Ma in questo trionfo una nota dolente c’è, c’è eccome. Missaggio e masterizzazione del disco non sono qualitativamente all’altezza della situazione: il disco rientrerà persino nell’elenco/indice dei cd contaminati dalla loudness war, ossia la tendenza a registrare con volumi altissimi e compressi, che distruggono la dinamica e creano distorsioni spiacevoli. Romanticamente, il suono di “Vapor Trails” può essere considerato al limite del “noise”, modernissimo, potente e selvaggio, come a rappresentare il desiderio di tornare in azione dei Rush, ma in realtà qualcuno ha toppato la masterizzazione e il suono del cd è stato compromesso.
Non lo dico certo io, è storia.
Un piccolo discorso a parte va fatto per la versione remixata da David Bottrill, tecnico che ho sempre ammirato per il lavoro svolto con Sylvian&Fripp e con i King Crimson. Dopo ripetuti ascolti di questa edizione, datata 2013, sono riuscito a scovare ed apprezzare tanti dettagli impercettibili nel disco originale, al punto che mi sono incaponito nel mettere i due cd (2002 e 2013) in sincrono sul mio stereo, su due lettori diversi (alternando l’ascolto da entrambe le sorgenti, che hanno livelli qualitativi differenti) per portare al limite estremo il confronto. Ho giocato per un bel po’ con i tasti play e pause e alla fine mi è bastato spostare il selettore dell’amplificatore da AUX a TUNER per avere entrambe le fonti sonore disponibili. Si è aperto un intero universo sonoro sconosciuto, con il cd 2002 che perde impietosamente la comparazione: per avere un’idea dell’effetto che mi ha fatto, immaginate di inserire e disinserire il loudness o le equalizzazioni tipo “preset” durante la riproduzione. I difetti di quella registrazione appiattita dalla compressione, purtroppo molto impastata ed a tratti distorta vengono tutti fuori inesorabilmente. Il cd 2013 è pulito (ma altrettanto potente, attenzione) perfettamente distribuito nella “scena” della disposizione degli strumenti; ambienti, riverberi ed echi sono finalmente distinguibili su voce e strumenti; il panpottaggio delle voci ha il giusto risalto; per la prima volta fanno capolino effetti di flanger su alcune rullate e persino alcune tracce di chitarra sono più distinguibili o del tutto distinguibili ex novo (soprattutto in “One Little Victory” e “Ceiling Unlimited”). Insomma, tutto suona meglio, incredibilmente meglio e l’adesivo in copertina con la nota di Geddy Lee si conferma realtà e non solo spot di circostanza: “Le canzoni assurgono a nuova vita”.
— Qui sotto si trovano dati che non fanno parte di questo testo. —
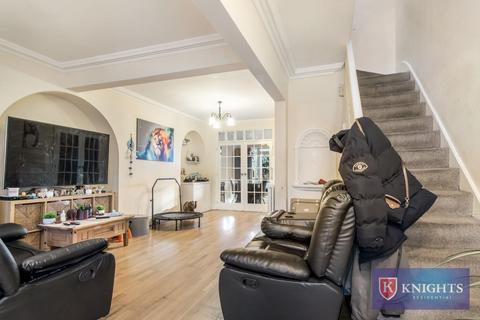3 bedroom terraced house for sale, Hamilton Avenue, London, N9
Che vogliate acquistare una versione piuttosto che l’altra, forse non ha nemmeno tutta l’importanza che sembro attribuire alla questione: “Vapor Trails” è un disco in cui emozione, tecnica e songwriting sono espressi a livelli davvero molto alti.
Di certo fa un po’ rabbia che all’epoca i tempi e le esigenze commerciali non abbiano consentito ai professionisti coinvolti nella registrazione di lavorare al meglio, ma è giusto, credo, guardare a questo disco anche con un’ottica più legata al sentimento, con la dovuta commozione per la vicenda umana di Peart che viene esorcizzata, senza fissarsi troppo sulla questione tecnica.
Quanto al contenuto puramente musicale, non posso che ripetermi per l’ennesima volta: quando questi tre signori salgono in cattedra, ci tocca sedere fra i banchi e ascoltare in silenzio la lezione. Punto.